Studio album by Lost Frequencies
- Released: 21 October 2016
- Recorded: 2014–16
- Genre: Deep house; tropical house;
- Length: 49:03
- Label: Ultra; Armada;
- Producer: Felix De Laet;

Lost Frequencies chronology
| Feelings (2014) | Less Is More (2016) | Alive and Feeling Fine (2019) |

Singles from Less Is More
- "Are You with Me" Released: 24 October 2014; "Reality" Released: 24 May 2015; "Beautiful Life" Released: 3 June 2016; "What Is Love 2016" Released: 7 October 2016; "All or Nothing" Released: 17 February 2017; "Here with You" Released: 30 June 2017;

= Less Is More (Lost Frequencies album) =

Less Is More is the debut studio album by Belgian DJ and record producer Lost Frequencies. It was released on 21 October 2016, by Lost & Cie under exclusive license to Armada Music and Ultra Music. The album was shortlisted by IMPALA (The Independent Music Companies Association) for the Album of the Year Award 2016, which rewards on a yearly basis the best album released on an independent European label.

==Singles==
"Are You with Me" was released as the first single on 26 January 2015. "Reality" (featuring Janieck Devy) was released as the second single on 24 May 2015. "Beautiful Life" (featuring Sandro Cavazza) was released as the third single on 3 June 2016. "What Is Love 2016" was released as the fourth single on 7 October 2016. "All or Nothing" (featuring Axel Ehnström) was released as the fifth single on 17 February 2017. "Here with You" was released as the sixth single on 30 June 2017.

== Track listing ==

=== Initial release ===

| No. | Title | Length |
|---|---|---|
| 1. | "All or Nothing" (featuring Axel Ehnström) | 2:37 |
| 2. | "What Is Love 2016" | 3:08 |
| 3. | "Beautiful Life" (featuring Sandro Cavazza) | 2:41 |
| 4. | "Sky Is the Limit" (featuring Jake Reese) | 2:27 |
| 5. | "Reality" (featuring Janieck Devy) | 2:38 |
| 6. | "Dance with Me" | 3:57 |
| 7. | "In Too Deep" | 3:54 |
| 8. | "Dying Bird" (featuring Joakim Wilow) | 3:08 |
| 9. | "Funky'n Brussels" | 3:01 |
| 10. | "Send Her My Love" | 3:38 |
| 11. | "Lift Me Up" (featuring Nick Schilder) | 3:12 |
| 12. | "Are You with Me" | 2:18 |
| 13. | "St. Peter" | 3:29 |
| 14. | "Selfish Love" | 3:40 |
| 15. | "Footsteps in the Night" | 4:24 |
| Total length: |  | 49:03 |

=== Deluxe edition ===

| No. | Title | Length |
|---|---|---|
| 16. | "What Goes Around Comes Around" (bonus track) | 3:11 |
| 17. | "Here with You" (bonus track, with Netsky) | 3:33 |
| Total length: |  | 55:04 |

=== Japan bonus tracks ===
Source:

18. Anymore (Lost Frequencies remix, original by Alphabet featuring RC)
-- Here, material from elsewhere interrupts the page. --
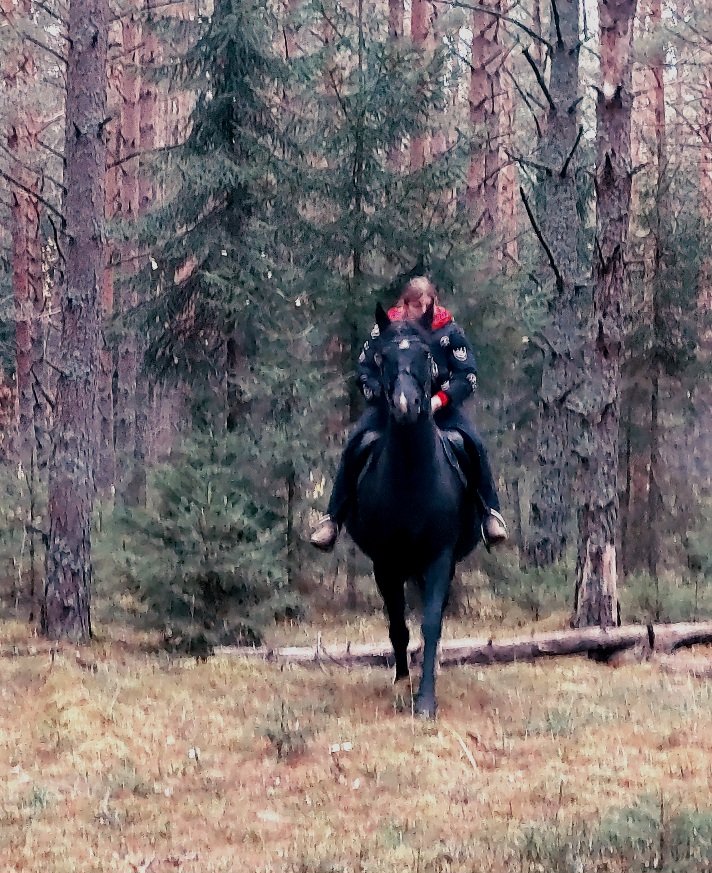 20251020_162730.jpg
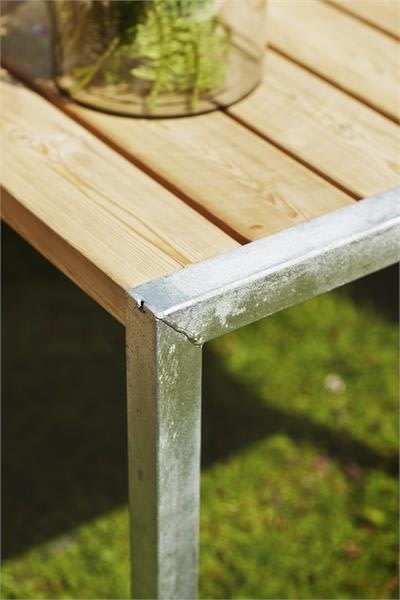 Plus plankset | Lärk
19. All You Need (Lost Frequencies remix, original by Y.V.E. 48)

20. Liberty City (Lost Frequencies remix, original by Krono)

=== Belgium bonus tracks ===
21. Run (Lost Frequencies remix, original by Emma Bale)

=== 2017 Alternate deluxe edition ===
This version features Lost Frequencies remixed all 17 of his tracks.

==Charts==

===Weekly charts===

| Chart (2016) | Peak position |
|---|---|
| Belgian Albums (Ultratop Flanders) | 3 |
| Belgian Albums (Ultratop Wallonia) | 10 |
| Dutch Albums (Album Top 100) | 40 |
| French Albums (SNEP) | 108 |
| Swiss Albums (Schweizer Hitparade) | 48 |

===Year-end charts===

| Chart (2016) | Position |
|---|---|
| Belgian Albums (Ultratop Flanders) | 52 |
| Belgian Albums (Ultratop Wallonia) | 99 |

| Chart (2017) | Position |
|---|---|
| Belgian Albums (Ultratop Flanders) | 101 |
| Belgian Albums (Ultratop Wallonia) | 157 |

==Certifications==

| Region | Certification | Certified units/sales |
| Denmark (IFPI Danmark) | Gold | 10,000^{‡} |
| France (SNEP) | Gold | 50,000^{‡} |
| Italy (FIMI) | Gold | 25,000^{‡} |
| New Zealand (RMNZ) | Platinum | 15,000^{‡} |
^{‡} Sales+streaming figures based on certification alone.